NGANJUK, SRTV.CO.ID – Waspada terhadap informasi yang menyesatkan, Belakangan ini beredar pesan berantai yang menyebutkan bahwa Badan Meteorologi, Klimatologi, dan Geofisika (BMKG) memperingatkan musim kemarau tahun 2026 akan menjadi yang terparah dalam kurun waktu 30 tahun terakhir.
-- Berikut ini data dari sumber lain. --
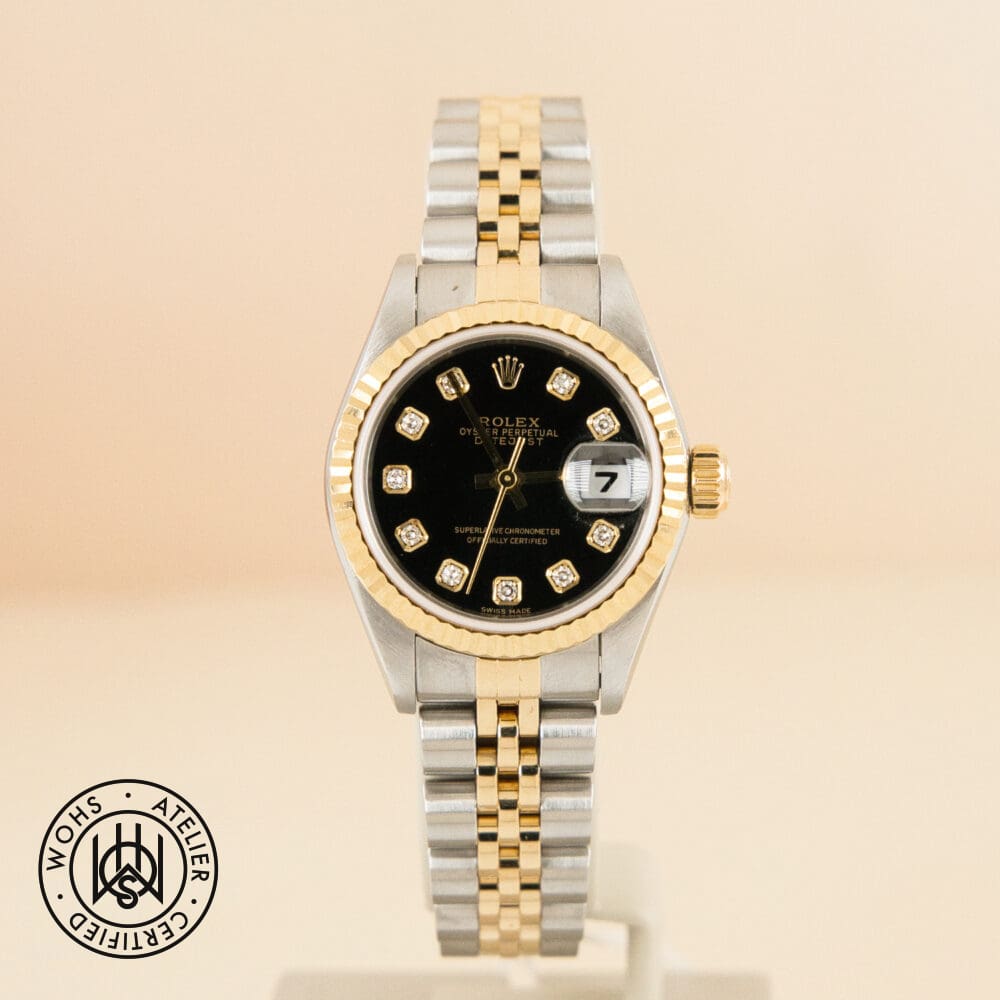 used rolex lady datejust reference 79173 black diamond dial (2) - Watches Of Henley St Pre-owned Rolex Lady-Datejust 79173, black dial, steel and yellow gold, 26mm, 2004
Namun, informasi tersebut dinilai tidak tepat dan perlu diluruskan.

"Faktanya, BMKG menyampaikan bahwa curah hujan pada musim kemarau 2026 diprediksi berada di bawah normal, yaitu lebih rendah dibandingkan rata-rata klimatologis 30 tahun terakhir," ujar pihak BMKG dalam keterangan resminya.

Penjelasan ini penting untuk membedah kesalahpahaman yang berkembang di masyarakat. Istilah "di bawah normal" sering kali disalahartikan sebagai kondisi bencana terburuk, padahal maknanya adalah curah hujan yang turun lebih sedikit dibandingkan rata-rata pada periode yang sama selama beberapa dekade.

"Sebagai perbandingan, musim kemarau yang telah terjadi pada tahun 1997, 2005, 2015 atau 2019 justru tercatat lebih kering bila dibandingkan dengan prediksi musim kemarau tahun 2026," tambahnya menjelaskan data historis.

Oleh karena itu, masyarakat diimbau untuk tidak panik berlebihan. Kondisi yang diprediksi tidak serta-merta berarti kemarau paling parah dalam 30 tahun, melainkan hanya menunjukkan potensi curah hujan yang lebih sedikit dari biasanya.

 "Yuk, selalu cek informasi resmi dari BMKG agar tidak mudah terpengaruh oleh informasi yang menyesatkan," pungkasnya mengajak masyarakat untuk bijak menerima informasi.